Campaign to elect Japan’s new leader begins

Campaign to elect Japan’s new leader begins
Japanese chief cabinet secretary Yoshihide Suga, left, and former defence minister Shigeru Ishiba attend a speech session for the Liberal Democratic Party’s (LDP) leadership election at its headquarters in Tokyo (Kim Kyung-hoon/Pool Photo via AP)

The official campaigning to lead Japan’s ruling party began on Tuesday with the longtime right-hand man of prime minister Shinzo Abe now seen as a top candidate and his likely successor to lead the government.

Chief cabinet secretary Yosihide Suga, 71, had formally submitted his candidacy for the Liberal Democratic Party leadership last week.

The chief government spokesman faces two younger contenders, former defence minister Shigeru Ishiba and former foreign minister Fumio Kishida, both 63.

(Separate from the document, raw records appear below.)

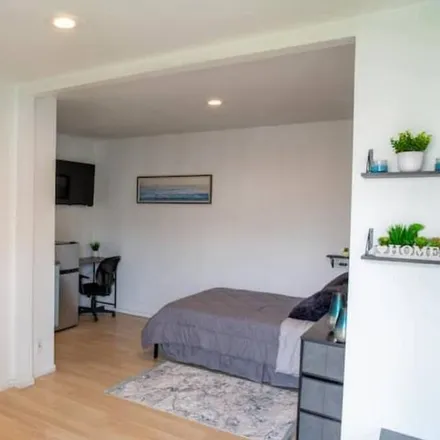 Rent this studio apartment on Norwalk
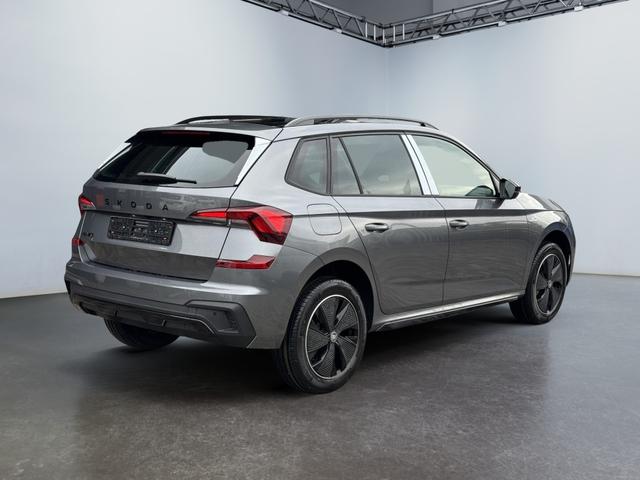Neue Skoda Kamiq 1,5 TSI DSG Monte Carlo kaufen
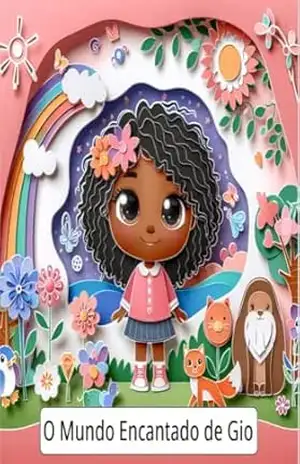 O Mundo Encantado de Gio – Taylor Zacharias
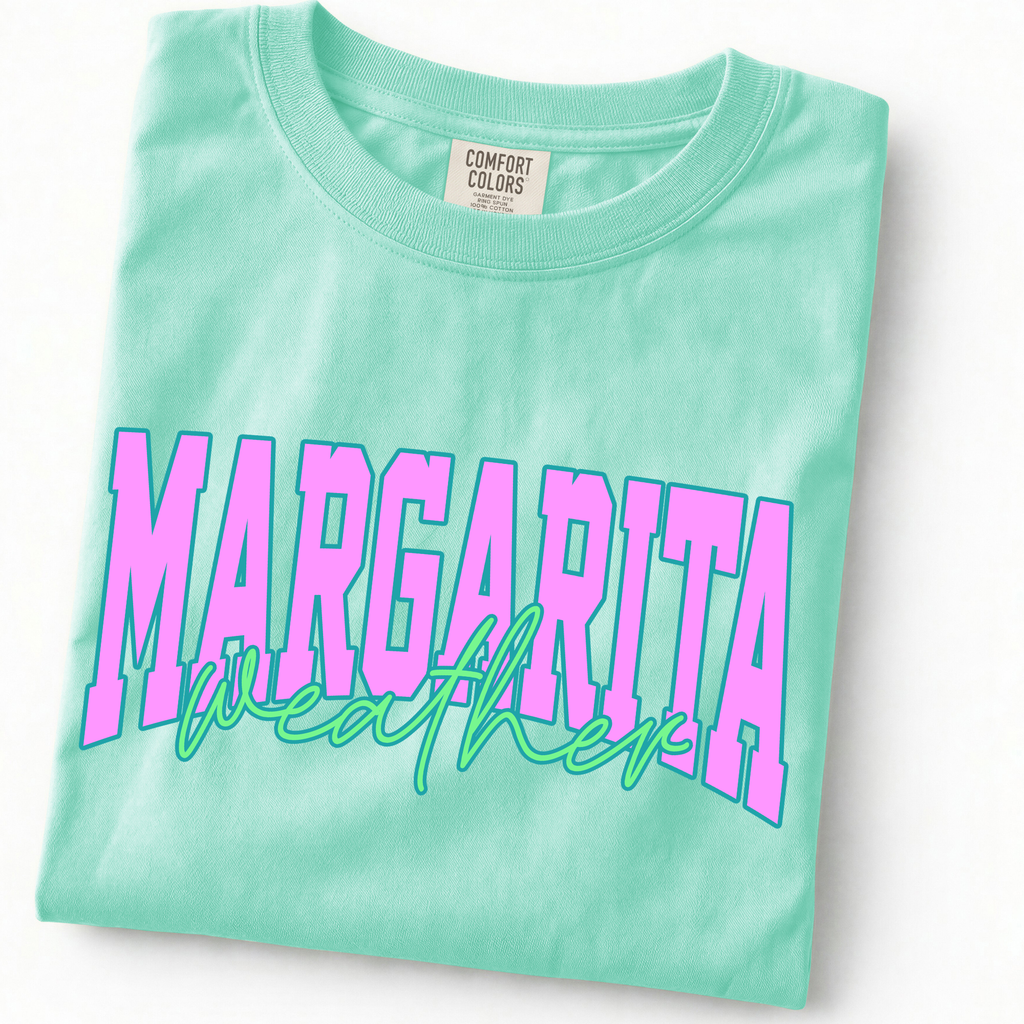 Margarita Weather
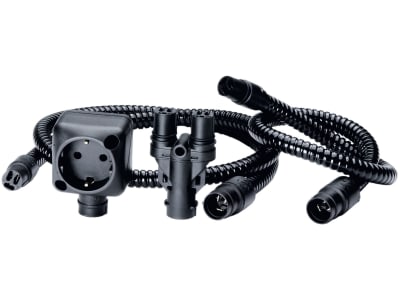 Calix Verteilerkabelsatz für Motorvorwärmung Calix Verteilerkabelsatz für Motorvorwärmung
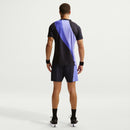 Haut de tennis homme Nike Melbourne Court Dri-FIT ADV avec construction épaules wrapback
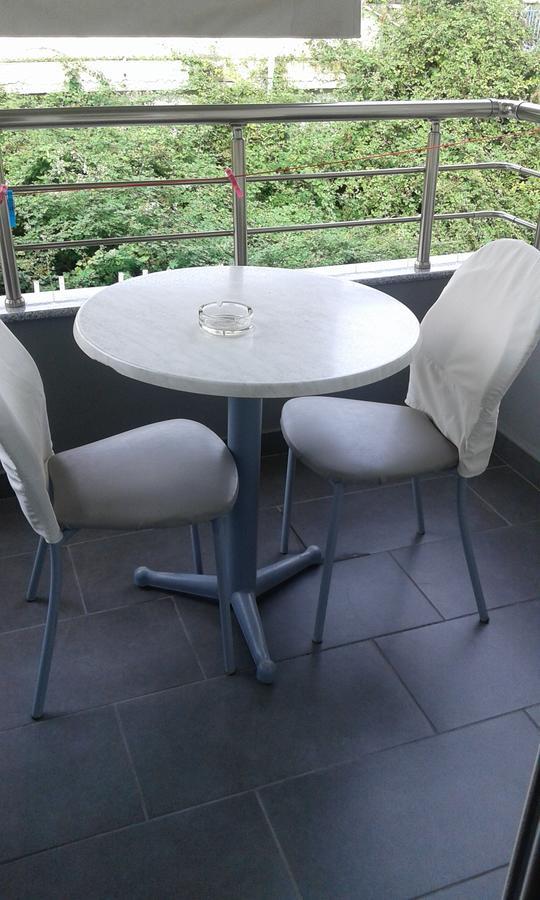 Hotel Gia Banaki Leptokarya  Esterno foto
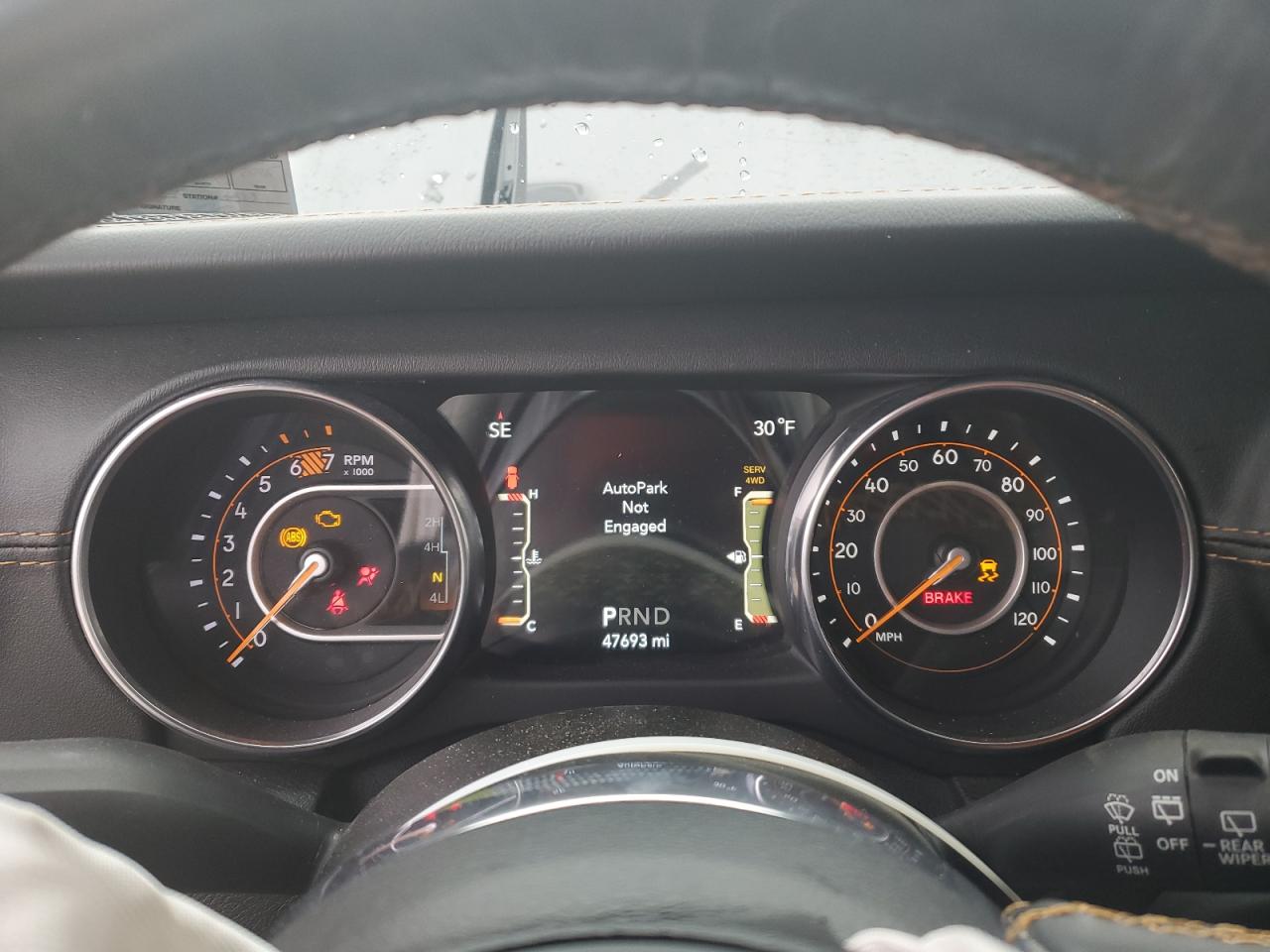 2021 Jeep Wrangler - Image 9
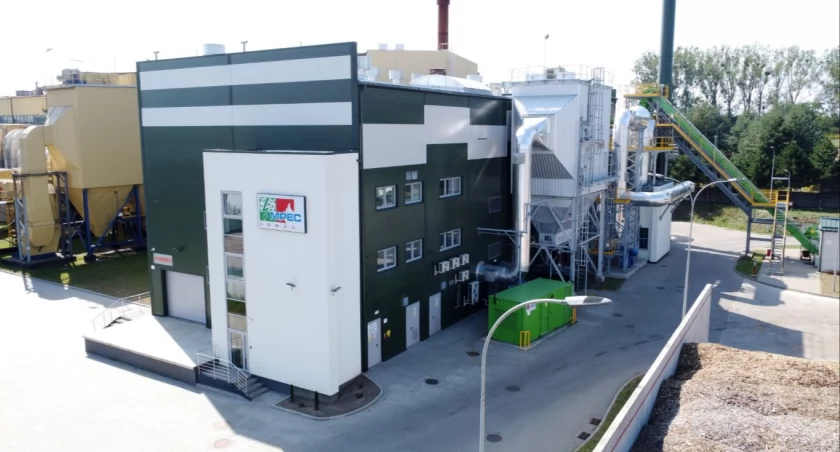 Zima bez strachu o portfel. Łomżyński MPEC utrzymał ceny ciepła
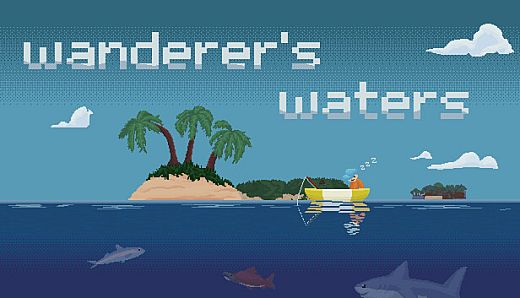 Wanderer's Waters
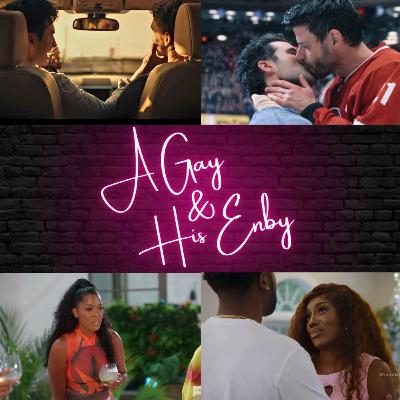 Episode 199: Heated Squabblery Episode 199: Heated Squabblery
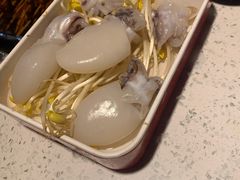 -钢管厂歆瑞源油卤串串香(春熙路太古里店)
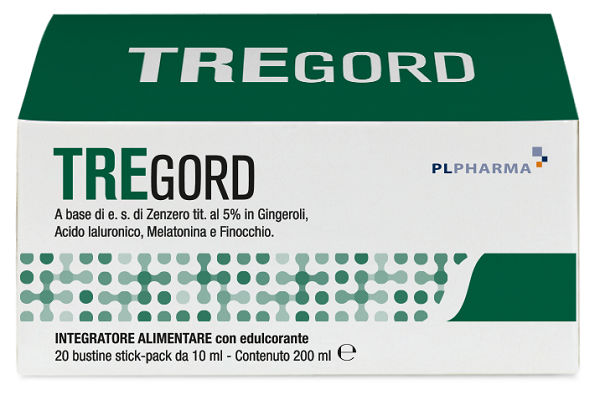 TREGORD 20 STICK PACK 10 ML - pharmaluna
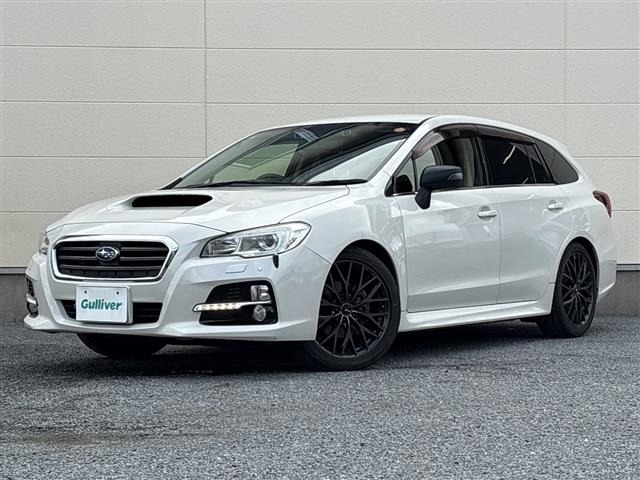 Subaru LEVORG 2014 7892933-4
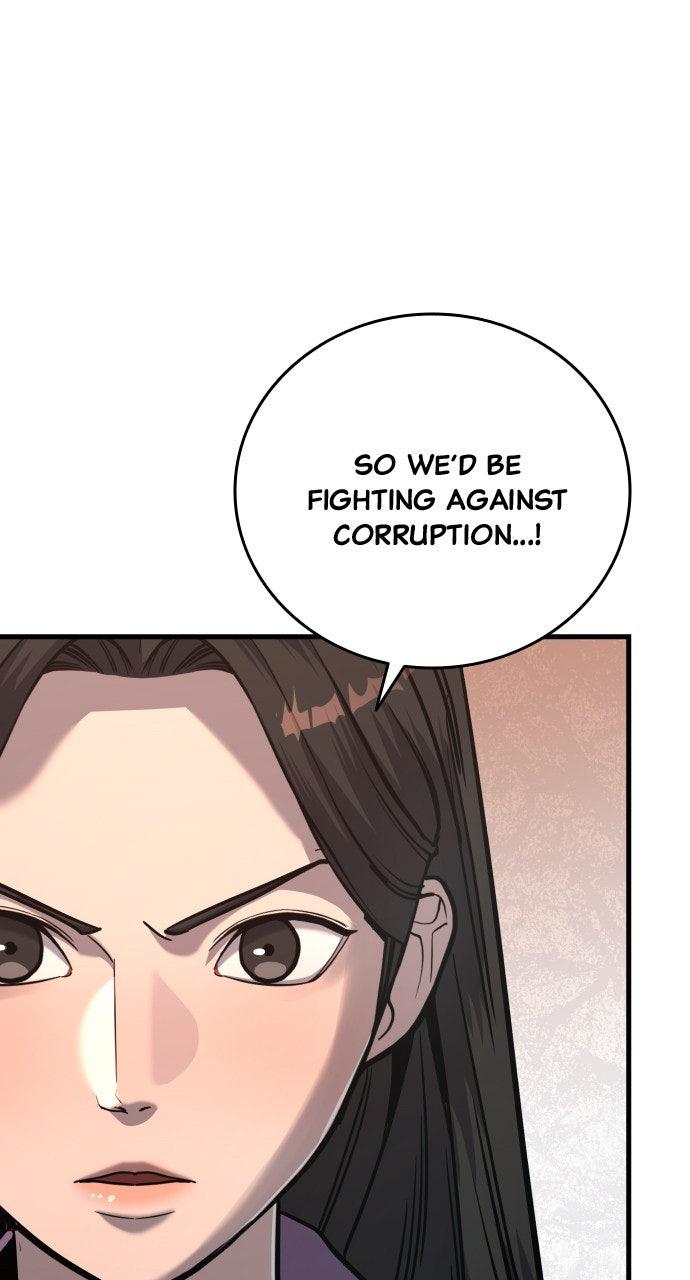 Justice Deserved Chap 33 - Next Chap 34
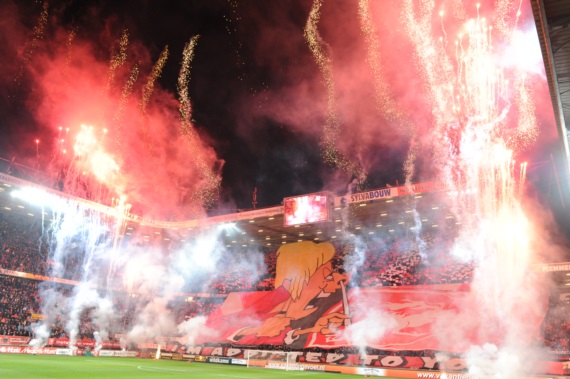 FC Twente Enschede vs Ajax Amsterdam (0-2) (5)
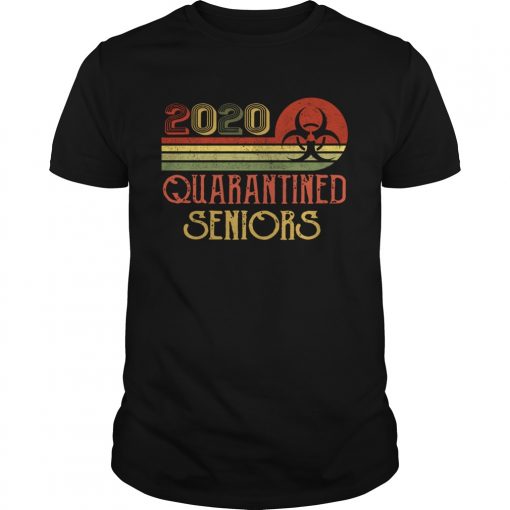 Class Of 2020 Senior Quarantine Graduation Vintage Unisex 510x510 1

The winner of the in-party vote on September 14 will eventually become Japan’s next prime minister because of the ruling bloc’s majority in the parliament.

Mr Ishiba is vying for the party leadership for the fourth time (Kim Kyung-hoon/Pool Photo via AP)

Mr Abe is stepping down for health reasons.

Mr Suga is a latecomer favoured among party heavyweights as the best candidate to continue Mr Abe’s policies and have reportedly lined up to support him in hopes of getting favourable party and cabinet posts in his government.

Newspaper opinion surveys have also shown Mr Suga surpassing the former favourite Mr Ishiba among the public.

Mr Suga pledged to carry out the challenges left behind by Mr Abe, including measures on the coronavirus, the economic fallout and pursuing the Japan-US security alliance.

Mr Abe is stepping down for health reasons (Franck Robichon/Pool Photo via AP)

Mr Ishiba, who has long been seen as Mr Abe’s rival, is vying for the party leadership for the fourth time, calling for a change to the “Abenomics” economic measures to focus more support for small businesses and low-income earners as well as rural areas.

Mr Kishida, who is currently serving the party policy chief, says he seeks to be a leader who listens to the people’s voices more carefully than Mr Abe and prioritise economic policies to address disparities.